== Task ==
Please return only the lines between the line with "Manipur Violence: संसद" and the final line of the entries, both included, and exclude pictures.

== Working data ==
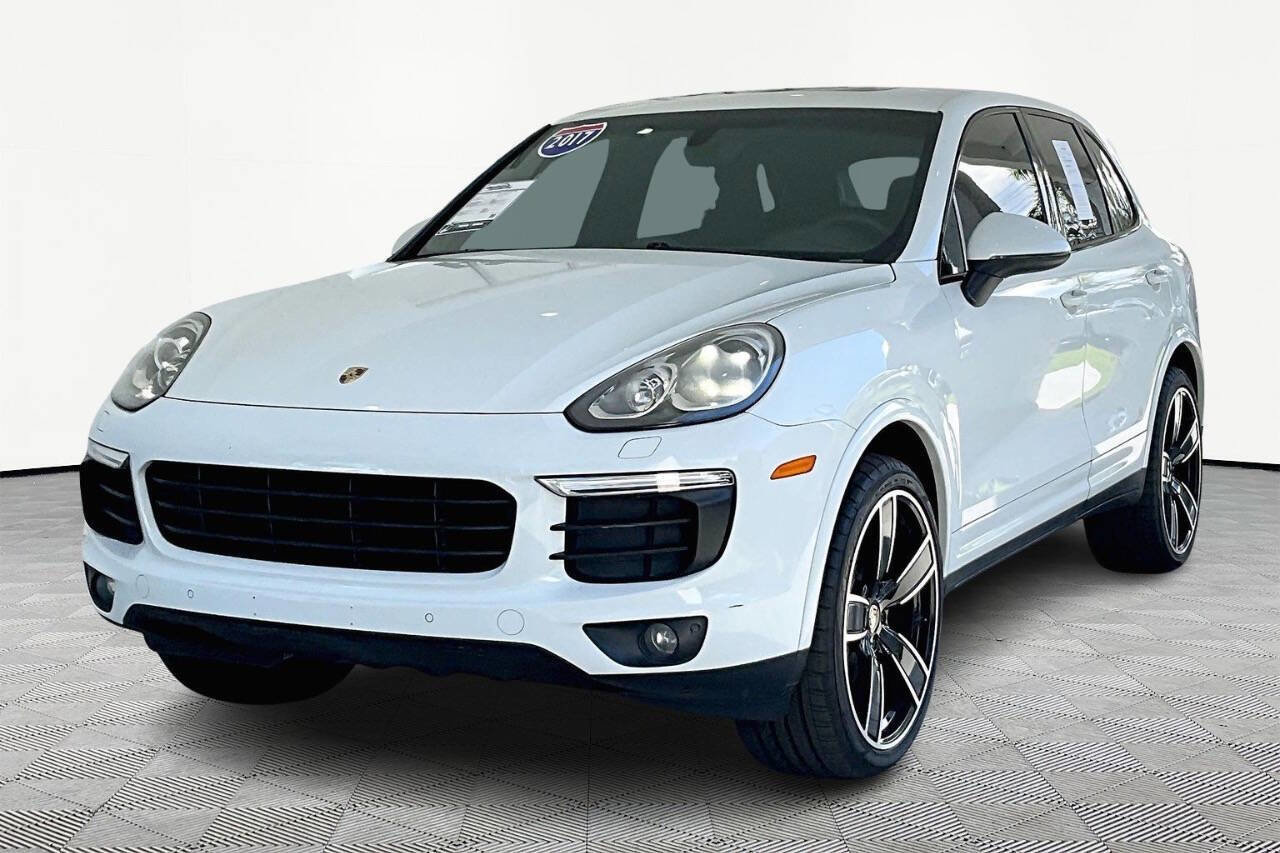 Used 2017 Porsche Cayenne Platinum Edition w/ Premium Package (PJV)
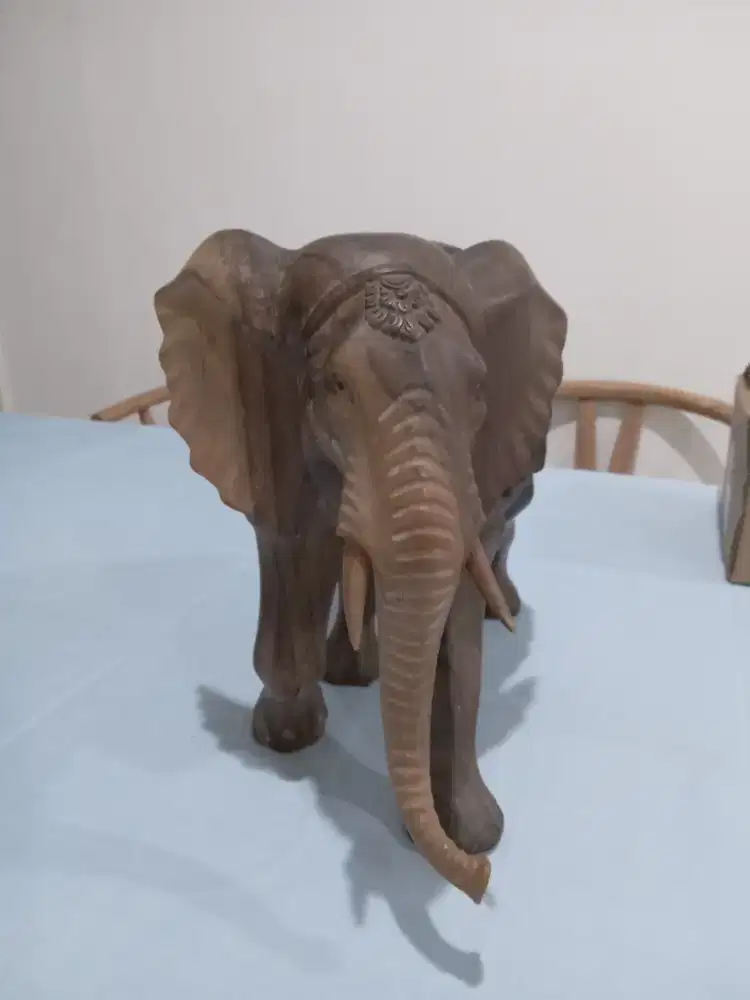 Patung Gajah sonokeling kuno antik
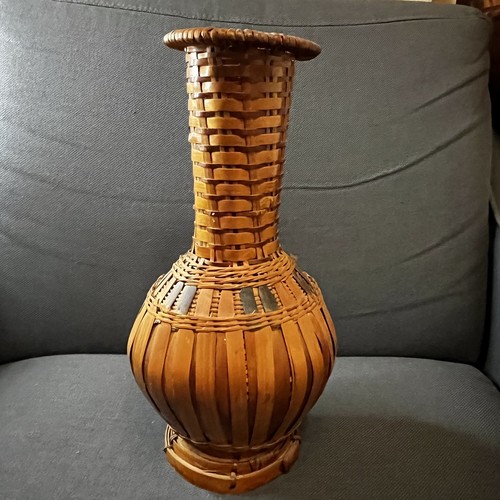 Vintage woven vase urn shape - woven,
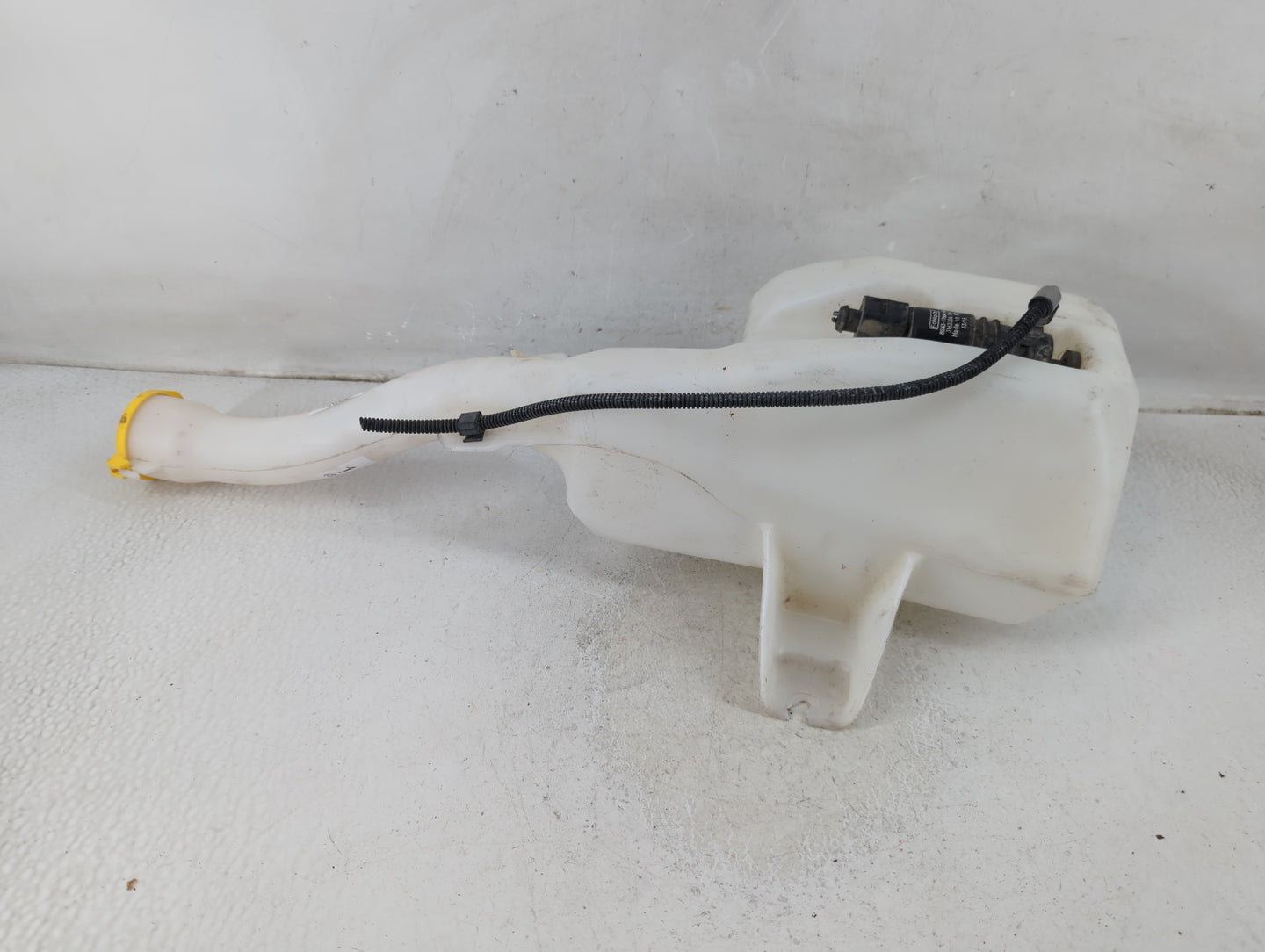 2015-2016 Ford Mustang Windshield Washer Fluid Reservoir Bottle Oem - Oemusedautoparts1.com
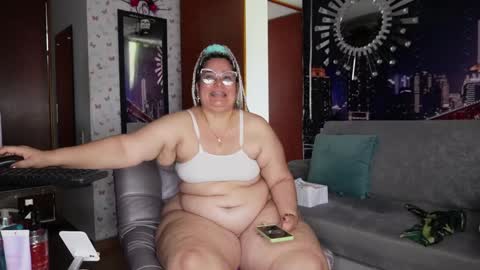 Snapshot of kristenhill1 chatting on February 4, 2025, 4:08 pm Kristen online show from February 4, 2025, 4:08 pm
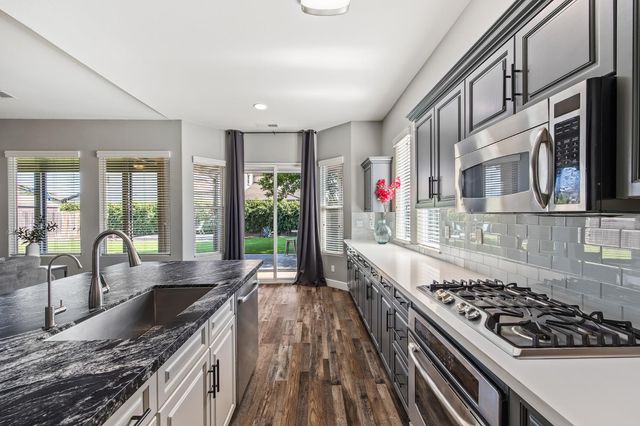 3128 Powers Avenue, Clovis, CA 93619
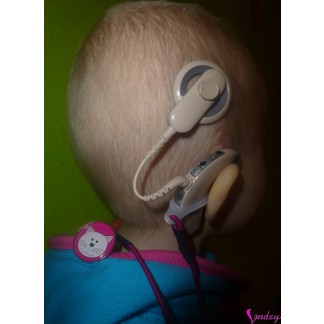 Klip na procesoru Cochlear, fialová kočička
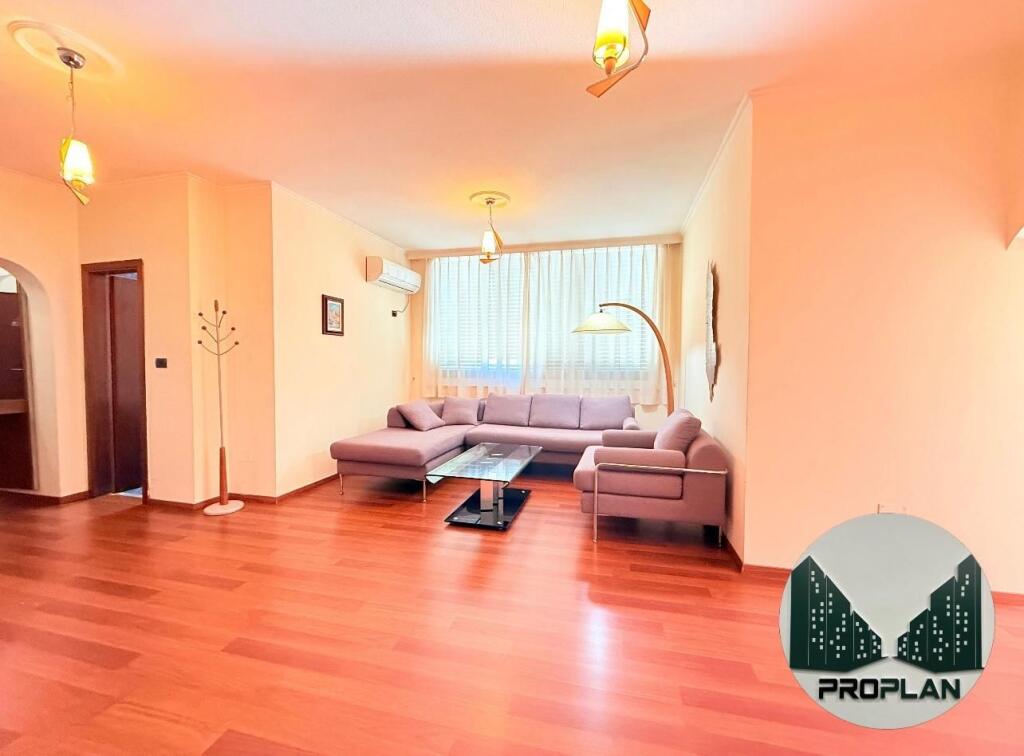 APPARTAMENTO E PARCHEGGIO A BLLOK PER UFFICIO O ABITAZIONE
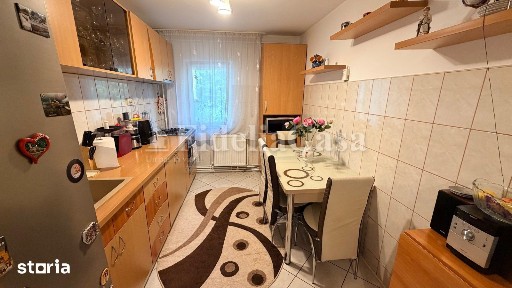 Exclusiv! Apartament cu 3 camere decomandat Dacia, model cu 2 bai.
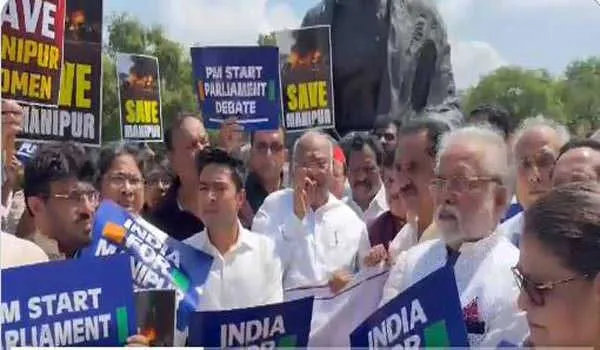 Manipur Violence: संसद भवन परिसर में गांधी जी की प्रतिमा के समक्ष विपक्ष का प्रदर्शन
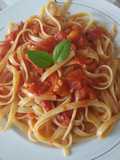 Fetuccini con tomate y ajo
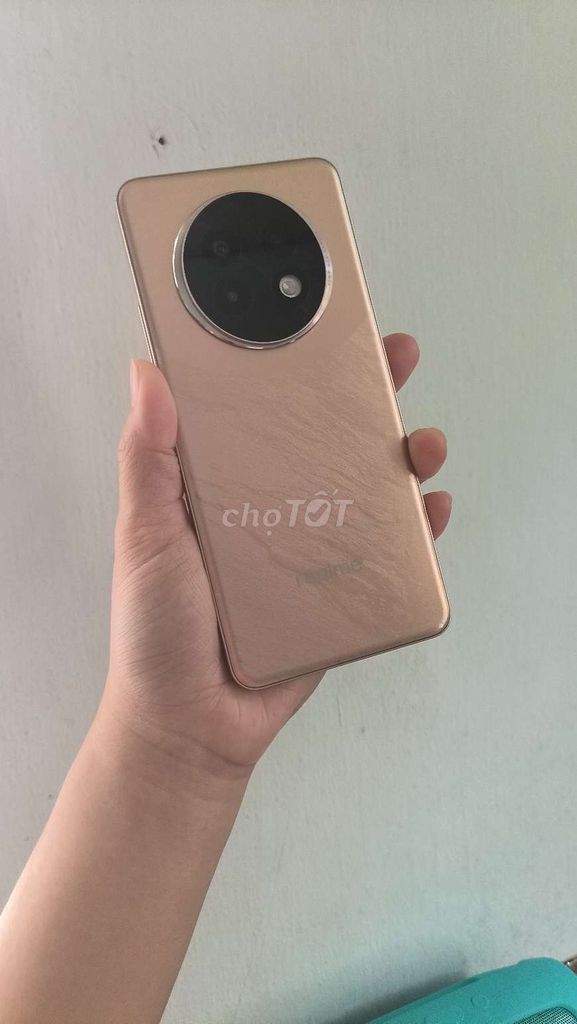 Realme 13+ 5G 256GB/12GB Vàng đồng 99%. Mua bán Điện thoại tại Quận Hải Châu Đà Nẵng được đăng bởi phong hình 1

== Written response ==
 Manipur Violence: संसद भवन परिसर में गांधी जी की प्रतिमा के समक्ष विपक्ष का प्रदर्शन
 Fetuccini con tomate y ajo
 Realme 13+ 5G 256GB/12GB Vàng đồng 99%. Mua bán Điện thoại tại Quận Hải Châu Đà Nẵng được đăng bởi phong hình 1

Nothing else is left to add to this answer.